You appear to be describing lice. Here's a synopsis on how lice are addressed:
1. Affected and all in-contact same-species animals should be treated.
2. Matted hairs should be clipped away.
3. Traditional therapy is to topically treat your dog's entire body with over the counter 2% lime sulfur, pyrethroids, carbaryl, or organophosphate shampoo, powder, spray, or dip twice 2 weeks apart. Just about any flea insecticide kills lice.
4. Alternative treatments include the following:
Injectable ivermectin given at 0.2 mg/kg orally or subcutaneously 2 weeks apart. Ivermectin is available over the counter in pet/feed stores. Please let me know if you need help figuring the dose for your dog.

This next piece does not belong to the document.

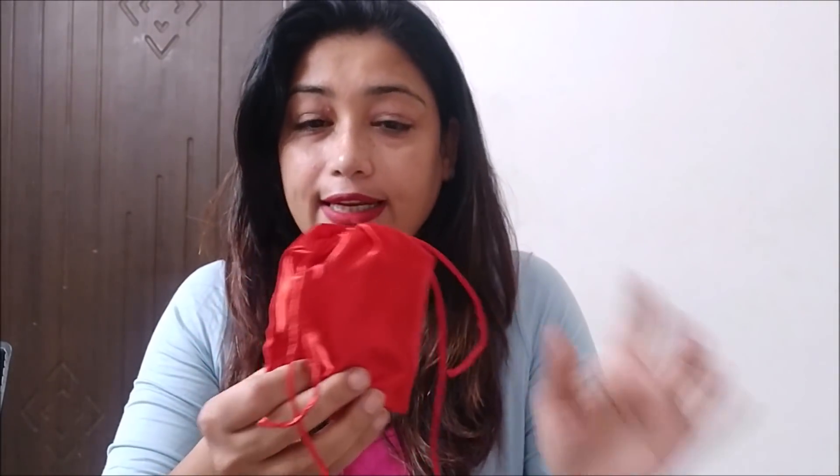The menstrual cup has not been in the market for long and many people don't know about it. Those who do know are still struggling with it because there is not enough knowledge and awareness. I recently ordered one from Amazon and I will show you what the menstrual cup looks like. I will tell you how you can use it, what the benefits are, why you should use it, and how you can have a pad-free period. Inside the box there is a cup — this is the menstrual cup.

Selamectin (Revolution) spot-on (as per label), topically twice 2 weeks apart. Treatment administered every 2 weeks at least four times may be more effective. This is a prescription drug available through your vet.
Injectable doramectin given at 0.2-0.4 mg/kg orally every week for 3-4 weeks. This is a prescription drug available through your vet.
0.25% fipronil pump spray (over the counter Frontline, e.g.) 6ml/kg, topically, twice, 2 weeks apart.
10% fipronil spot-on (over the counter Frontline, PetArmor, Fiproguard, e.g.) topically, twice 2 weeks apart.
5. Bedding, grooming tools, and environment should be cleaned at least once. A professional fumigator is suggested if you've struggled with this problem for quite some time.
6. Prophylactic use of insecticidal flea collars may protect exposed animals from infestation, but avoidance of infected animals is ideal.
The prognosis is good. Lice are highly contagious from dog to dog and from cat to cat, but they aren't considered contagious from dogs or cats to humans. Please respond with further questions or concerns if you wish.